An array of secondary factors contributing to the exceptional vulnerability of indigenous women are caused by the same dominant theme of discrimination. These are not the front-line brutalities of homicidal racists, but social and economic problems created by state laws and policies which expose indigenous women, uniquely, to those murderers. In its study the IACHR report has shown a number of mechanisms, many of them organized and funded by the state, which churn indigenous women out onto the street and into desperate circumstances.

The IACHR report is so extensive in its documentation and findings that Canada will now finally have the international reputation it deserves.

The types of recommendations the Commission concluded its report with were so basic, such as police training to accurately receive reports of missing women and girls; and so consistent with the calls for action coming from Indigenous Peoples and indigenous organizations for the past twenty years, such as support for victims’ families to pursue justice, and a national inquiry; that the “discrimination” Canada is charged with is clearly an institutionalized, active, and meaningful – if not coordinated – attack.

The Commission notes many instances of failures to prevent violence against these women and failure to properly punish, or even find, the offenders – but those failures have carried on for decades and even generations. The situation appears less like a “failure” of justice and more like a “success” for Canada’s overarching goal to control all the lands and resources without interference from Indigenous Peoples. But that reality is not contemplated in the IACHR’s highly political report.

The report is dated December 21, 2014, and was produced over the last two years from data provided by sources in Canada, international conferences, and interviews conducted by Commissioners during an official visit to investigate the circumstances surrounding the internationally infamous magnitude of violence against indigenous women and girls in Canada. The Commissioners travelled to and held meetings in Vancouver, Prince George and Ottawa in 2013.

The report focuses on British Columbia

The number of cases in BC is the highest across Canada with 160 cases: 28% of the database compiled by the Native Women’s Association of Canada (NWAC). The province with the second most cases is Alberta with only a little more than half the number from BC: 93 cases, 16% of the NWAC total. As of 2010, NWAC had compiled a list of 582 women and girls missing or murdered in the past 30 years. NWAC’s funding to pursue that documentation was cut off by the government of Canada in 2010.

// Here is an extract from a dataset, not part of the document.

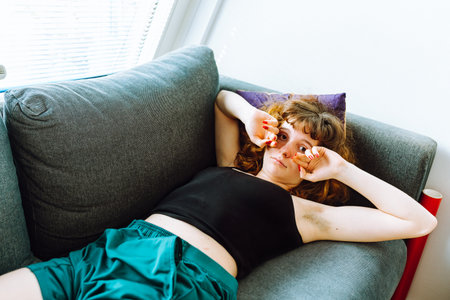 young red-haired woman tired lies on sofaの写真素材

The RCMP has disclosed a number of cases of murdered indigenous women which is double that of the NWAC data. In May of 2014, the report “Missing and Murdered Aboriginal Women: A National Operational Overview,” showed 1,181 cases of indigenous female homicides across Canada between 1980 and 2012. 120 of those cases have not been solved. This number only includes files held by the RCMP, and not provincial or territorial police organizations.

When the Walk4Justice group crossed Canada on foot, annually, between 2008-2011, organizers believed they had collected the names of over 3,000 indigenous women who had been murdered or disappeared.

While BC has the most documented cases of murder and disappearance, the IACHR report says:

“This figure does not include the potentially large number of cases that have not been documented due to marginalization and fear of the victims, and deficiencies in the investigation.” (p.17, A. 3)

 

Discrimination: in law, institutions and mainstream culture

RCMP and Discrimination

“The kinds of irregularities and deficiencies that have been denounced and documented include: poor report taking and follow up on reports of missing women; inadequate proactive strategies to prevent further harm to women in the Downtown Eastside; failure to consider and properly pursue all investigative strategies; failure to address cross-jurisdictional issues; ineffective coordination between police; and insensitive treatment of families.” (p.12 #6)

Relying on testimonials from family members of victims, Commissioners described a stark picture of the experience of reporting a missing woman or girl at a police station. Many families of victims told the Commissioners that “police officers did not take their complaints seriously and frequently stereotyped the women as transient.” (p. 35, #55) Stunned by the response of the RCMP when he tried to find out the progress of investigations into his sister’s disappearance, Siam Moody told Commissioners in Prince George, “For years the RCMP did not do anything, like if there were different rules for her.” (p. 35, #55)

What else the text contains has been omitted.